Image-text web data
======
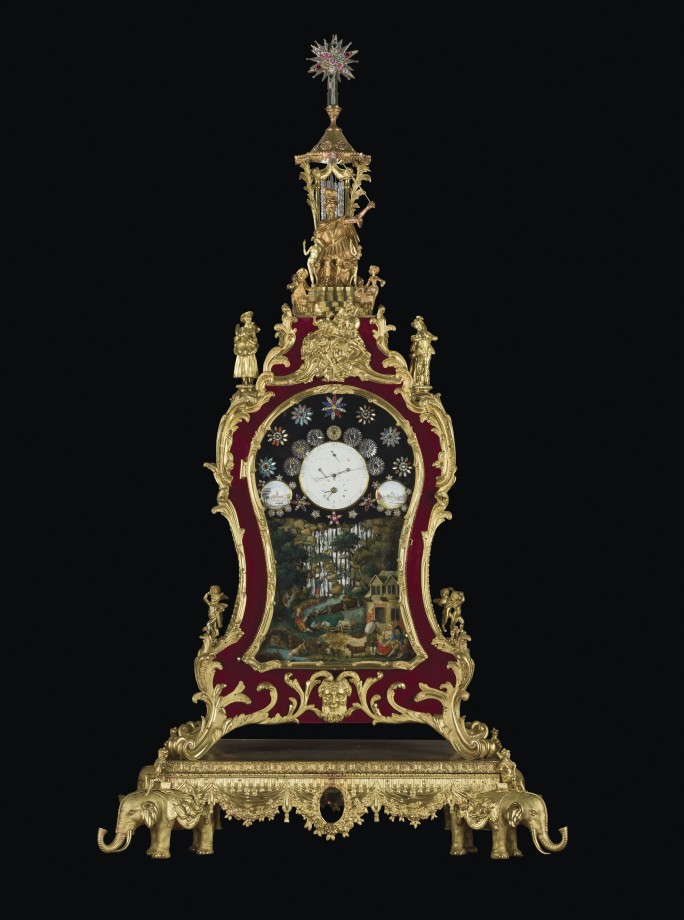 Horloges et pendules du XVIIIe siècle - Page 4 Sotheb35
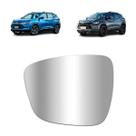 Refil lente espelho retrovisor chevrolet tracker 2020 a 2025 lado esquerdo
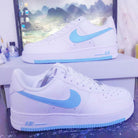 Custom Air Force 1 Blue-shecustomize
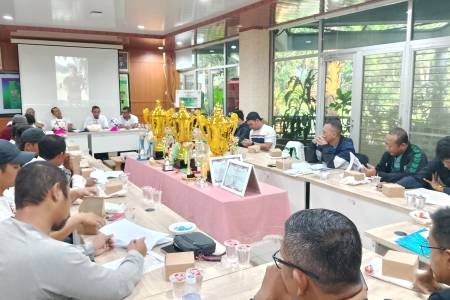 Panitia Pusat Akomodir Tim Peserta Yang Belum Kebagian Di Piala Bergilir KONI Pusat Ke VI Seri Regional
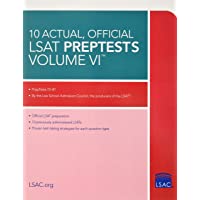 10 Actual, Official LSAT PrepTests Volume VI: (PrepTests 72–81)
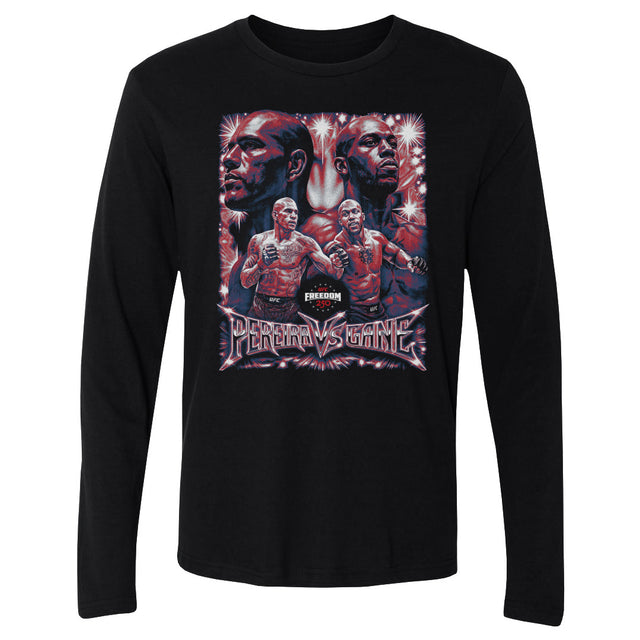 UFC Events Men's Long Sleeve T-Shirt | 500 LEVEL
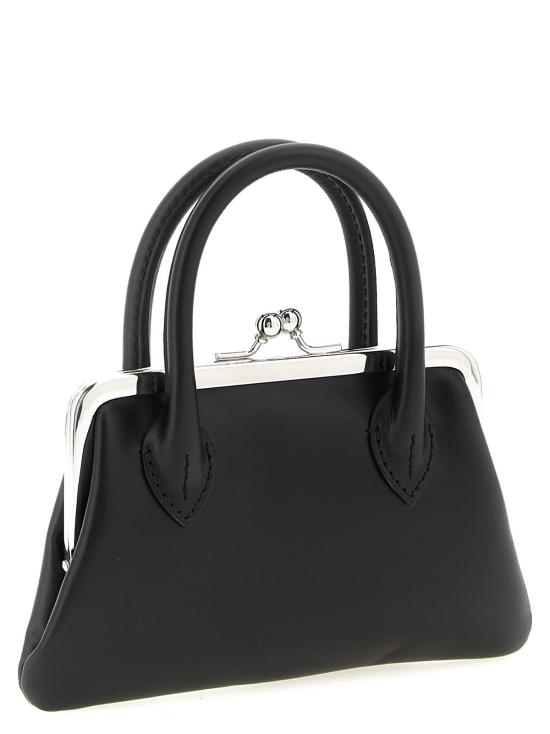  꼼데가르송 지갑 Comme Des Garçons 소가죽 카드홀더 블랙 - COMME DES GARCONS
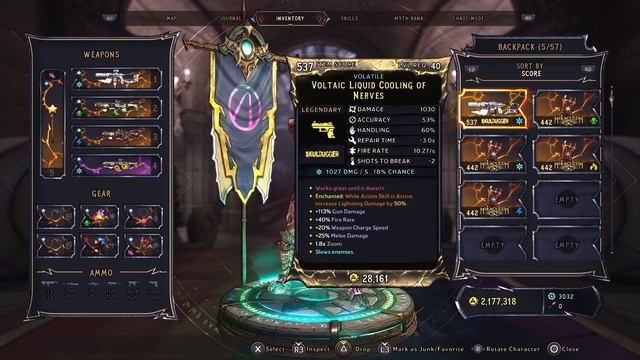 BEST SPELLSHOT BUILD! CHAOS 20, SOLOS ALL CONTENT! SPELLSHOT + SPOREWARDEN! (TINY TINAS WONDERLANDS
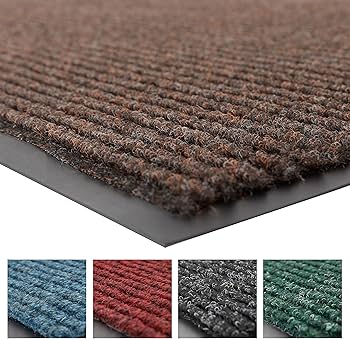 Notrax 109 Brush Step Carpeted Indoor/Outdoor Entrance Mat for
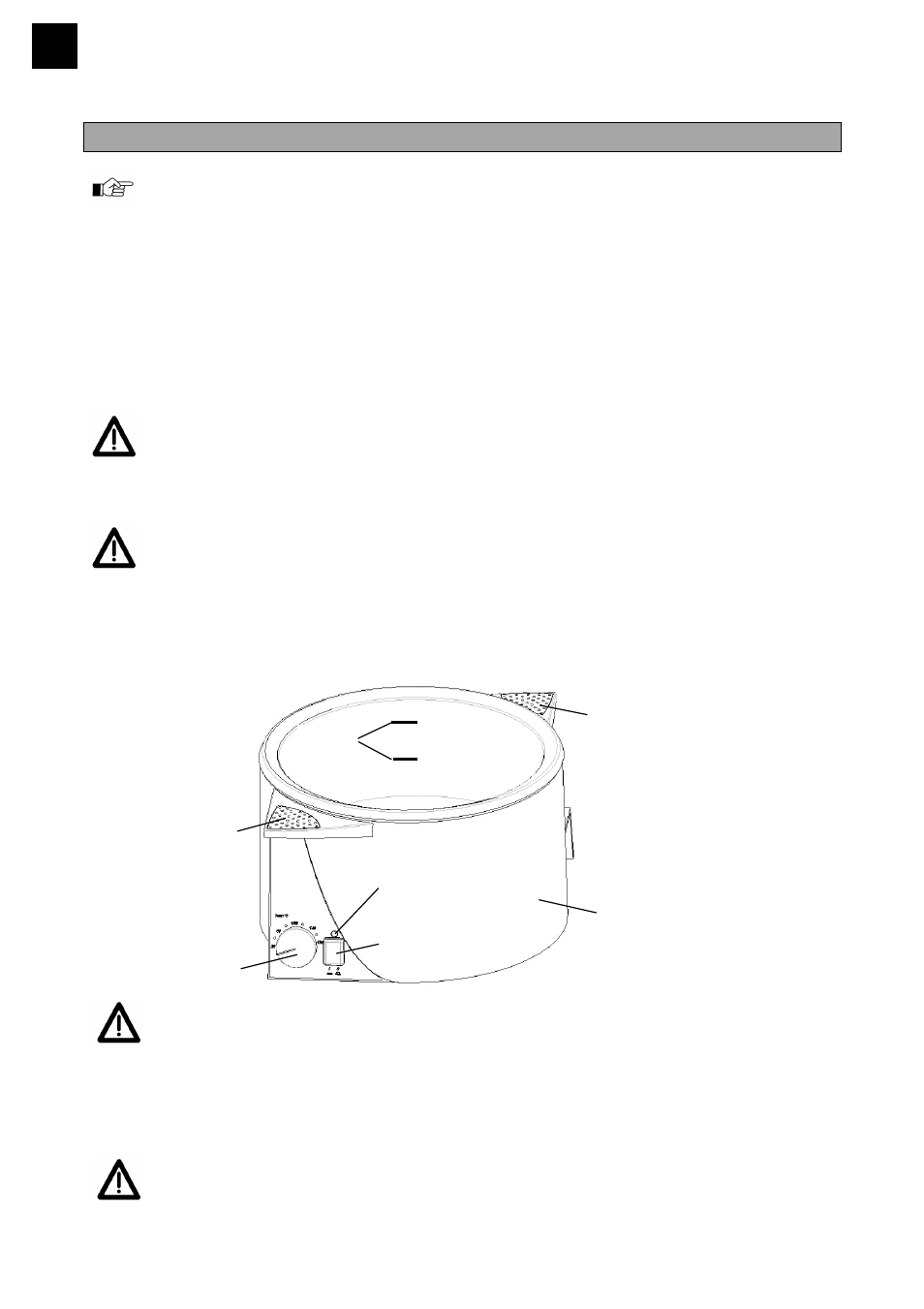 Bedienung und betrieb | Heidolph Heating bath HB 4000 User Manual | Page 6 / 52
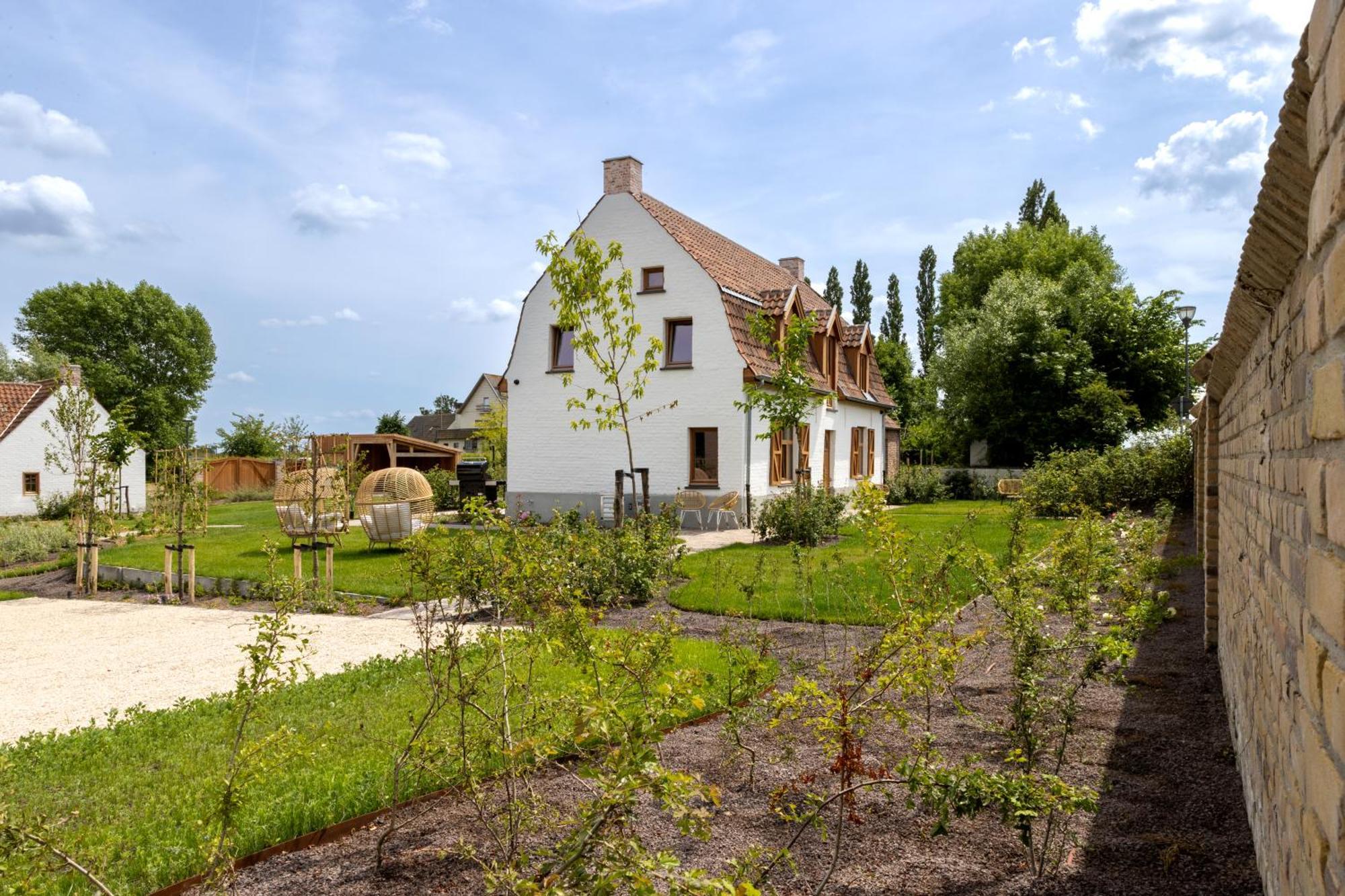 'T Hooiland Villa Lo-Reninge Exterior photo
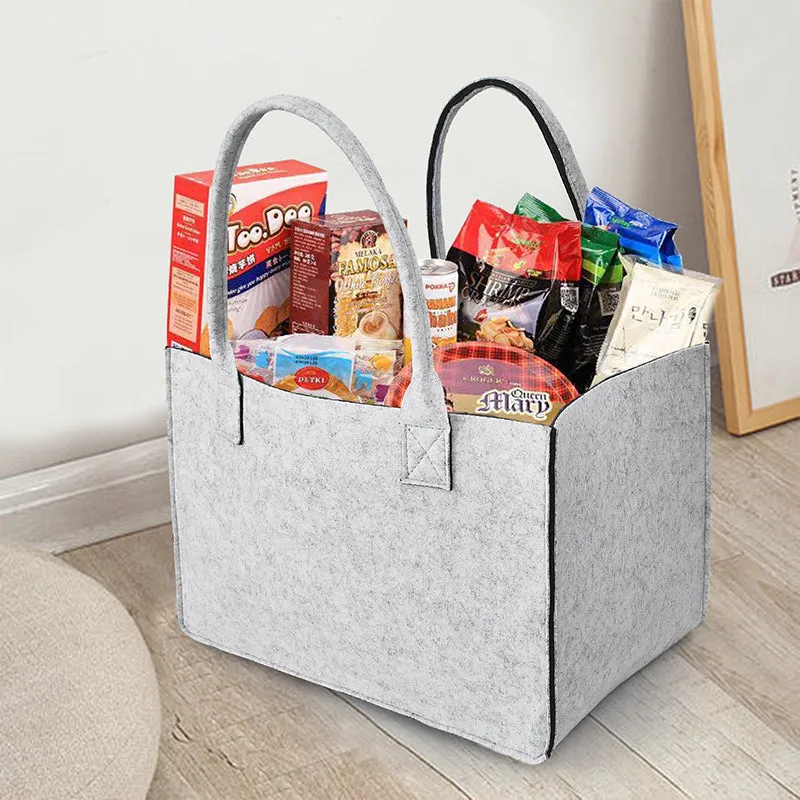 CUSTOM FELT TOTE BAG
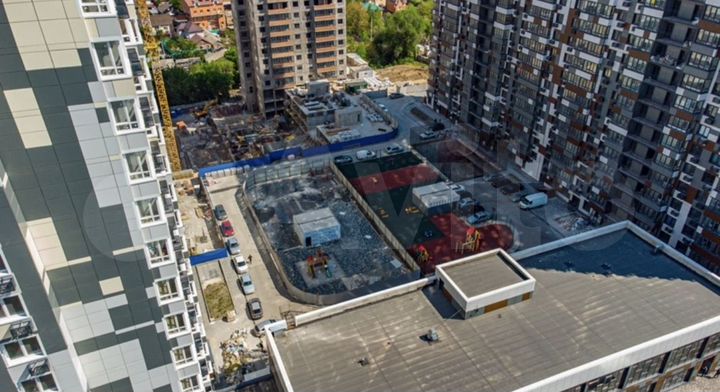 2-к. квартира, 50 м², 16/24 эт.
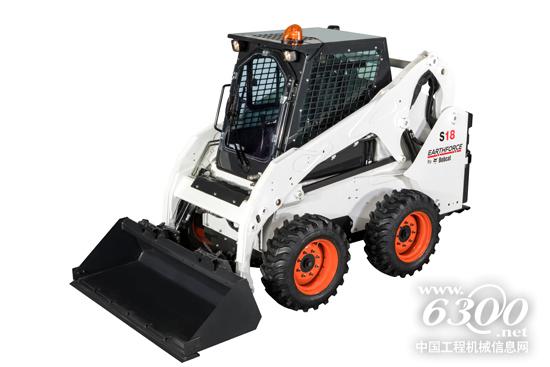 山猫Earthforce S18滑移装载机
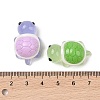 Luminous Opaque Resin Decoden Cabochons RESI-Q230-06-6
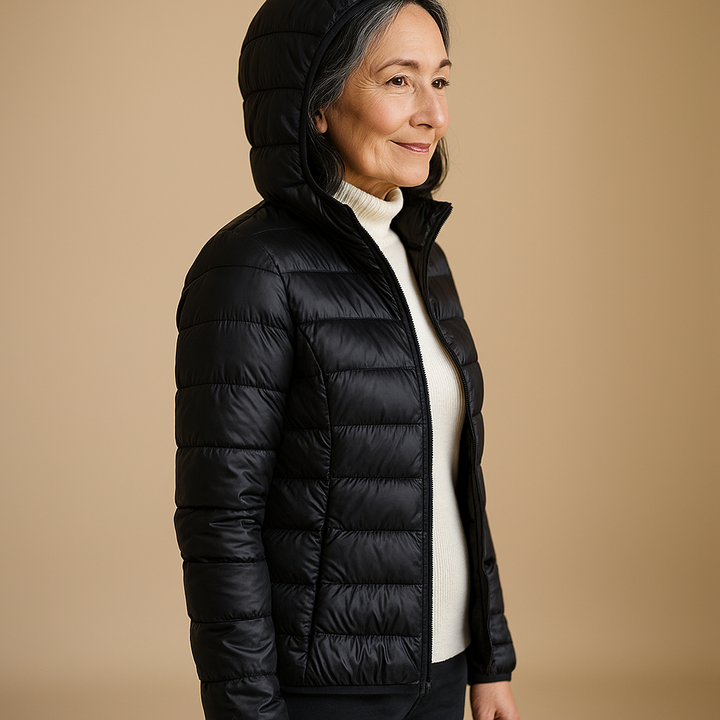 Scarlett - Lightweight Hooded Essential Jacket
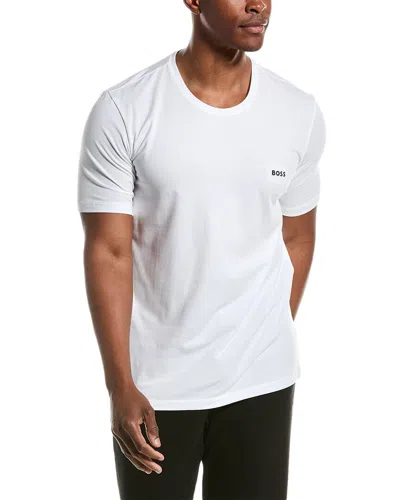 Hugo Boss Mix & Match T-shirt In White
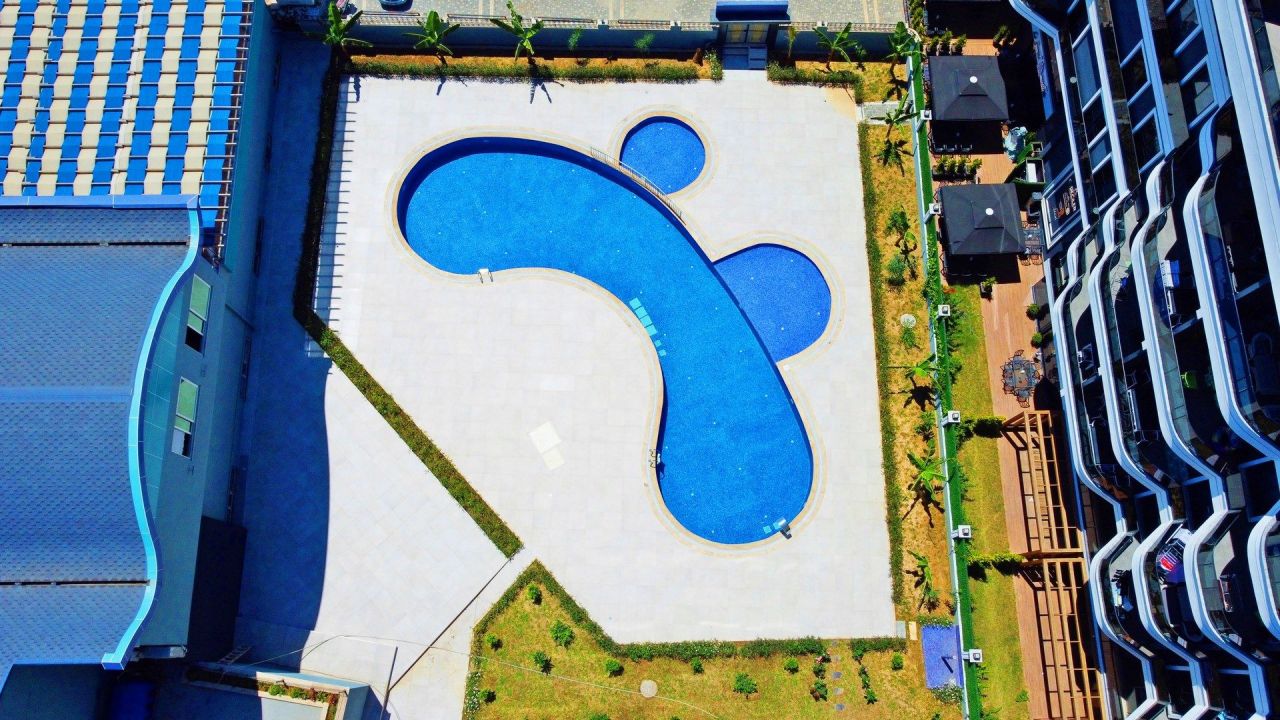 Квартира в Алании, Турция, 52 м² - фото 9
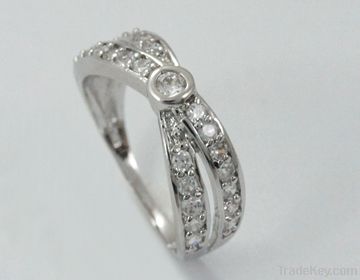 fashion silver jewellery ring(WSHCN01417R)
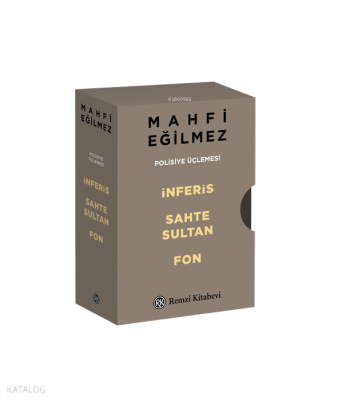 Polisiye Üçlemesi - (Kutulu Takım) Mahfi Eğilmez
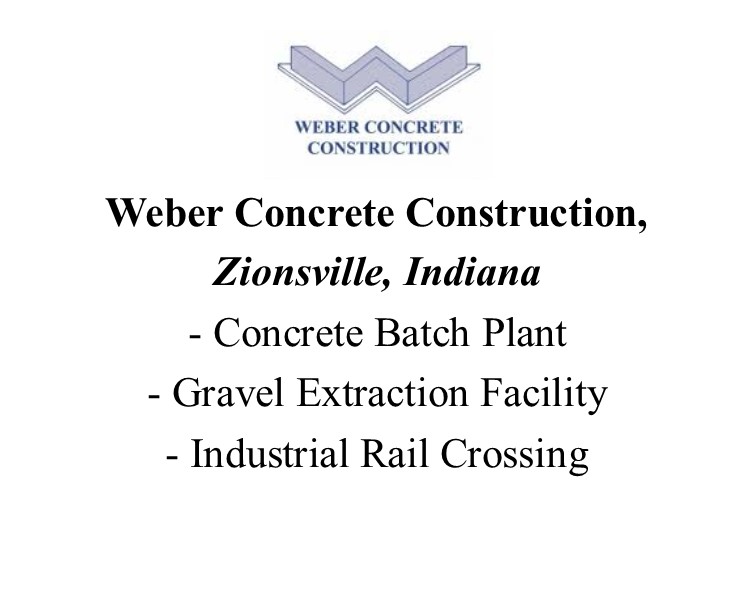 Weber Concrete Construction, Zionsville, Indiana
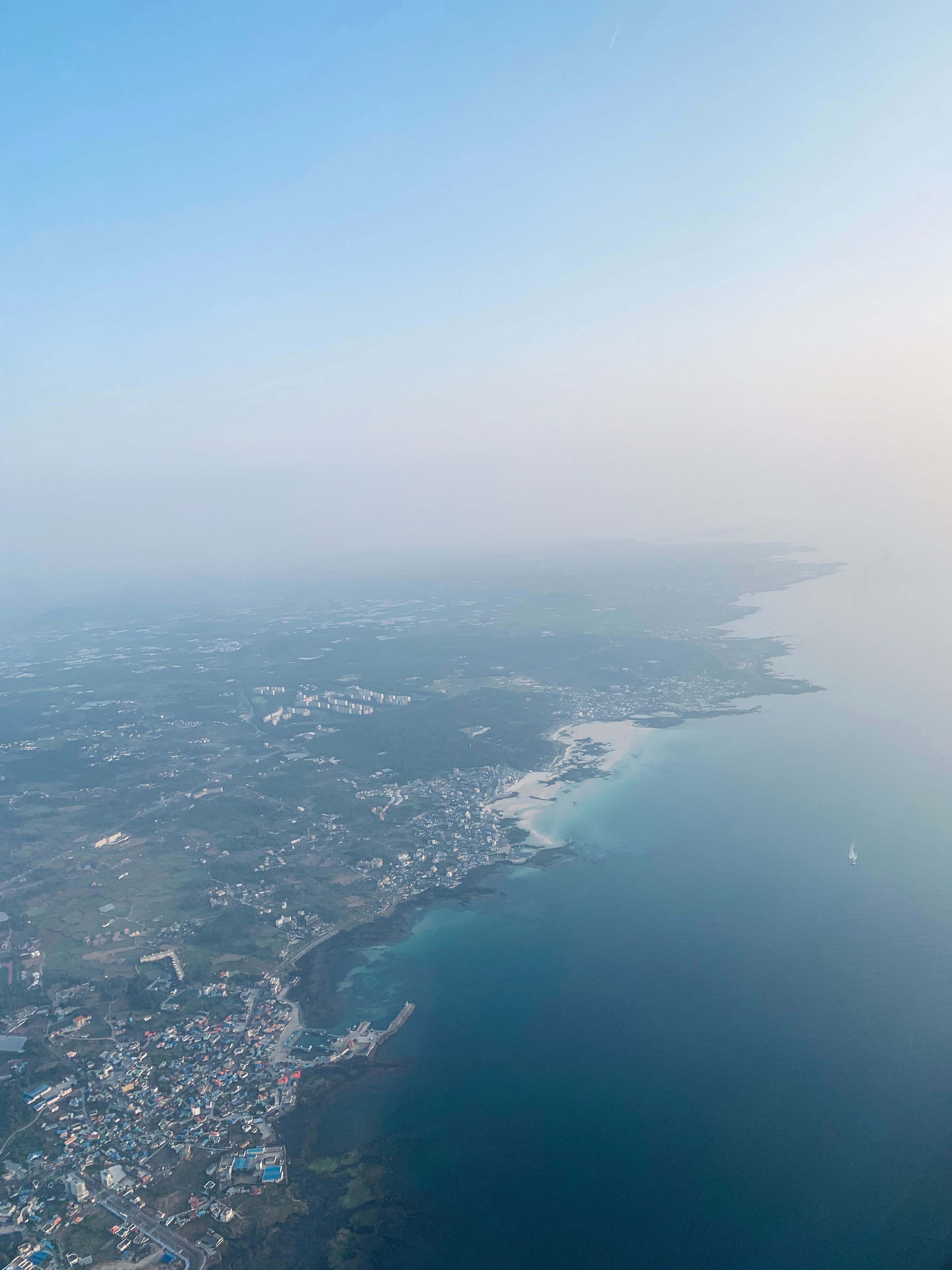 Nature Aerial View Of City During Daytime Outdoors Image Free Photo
======
All lines from the one containing "Notrax 109 Brush" through the final line of the entries above must be restated word for word, pictures excluded.

→ **ANSWER TO THE EXERCISE**
 Notrax 109 Brush Step Carpeted Indoor/Outdoor Entrance Mat for
 Bedienung und betrieb | Heidolph Heating bath HB 4000 User Manual | Page 6 / 52
 'T Hooiland Villa Lo-Reninge Exterior photo
 CUSTOM FELT TOTE BAG
 2-к. квартира, 50 м², 16/24 эт.
 山猫Earthforce S18滑移装载机
 Luminous Opaque Resin Decoden Cabochons RESI-Q230-06-6
 Scarlett - Lightweight Hooded Essential Jacket
 Hugo Boss Mix & Match T-shirt In White
 Квартира в Алании, Турция, 52 м² - фото 9
 fashion silver jewellery ring(WSHCN01417R)
 Polisiye Üçlemesi - (Kutulu Takım) Mahfi Eğilmez
 Weber Concrete Construction, Zionsville, Indiana
 Nature Aerial View Of City During Daytime Outdoors Image Free Photo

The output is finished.